Rabbi Meir Orlean
Roommates Nosson and Shimon were sitting in their room. They had just finished supper and were studying.
Nosson had some leftover hamentashen from Purim sitting on the table. “What’s with the hamentashen?” asked Shimon.
“I’m full from supper,” replied Nosson. “The truth is, I don’t really need the extra nosh.”
“What’ll you do with them?” asked Shimon.
“They’re hefker (disowned)!” declared Nosson. “They’re for anyone who wants then.”
“Glad to hear,” Shimon laughed. “I get hungry late at night. I’ll have some later!”
Later in the evening, Shimon overheard Nosson talking with his brother. “I still have hamentashen in my room,” said Nosson. “If you want, you can take them.”

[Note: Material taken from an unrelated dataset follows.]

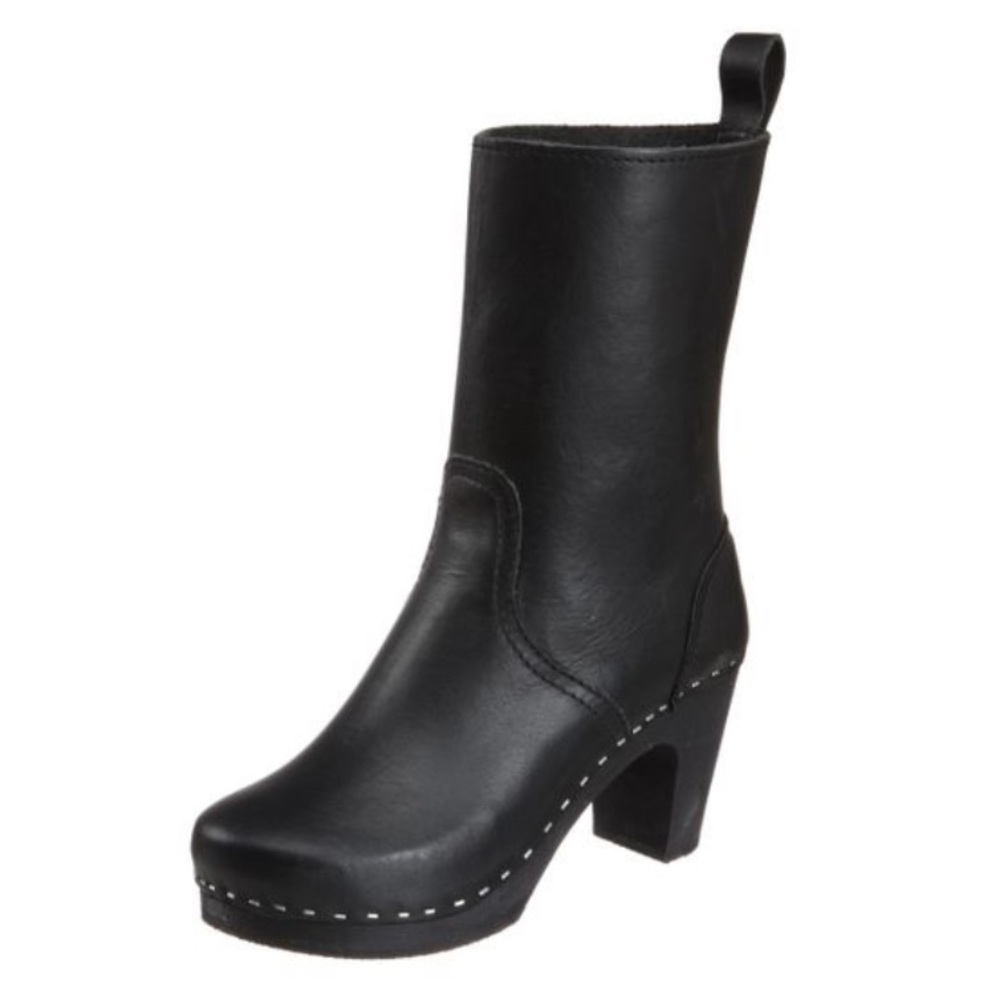 Swedish Hasbeens Clog Boot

Shimon told Nosson, “I was planning on eating them tonight. You declared them hefker!”
“But you didn’t take them yet,” replied Nosson. “They’re still sitting on the table.”
“Then I’m going to take them right now!” said Shimon. He began hurrying to the room.
Nosson starting walking after him. Shimon began running.
“I renounce my hefker claim,” Nosson called out. “I still want my hamentashen. You may not take them!”
“Too late,” said Shimon. “They’re already hefker and I’m going to get them first!”
Nosson began running after him. Shimon ran past the beis medrash and nearly bumped into Rabbi Dayan.
“I’m sorry,” apologized Shimon.
“What’s the big rush?” Rabbi Dayan asked.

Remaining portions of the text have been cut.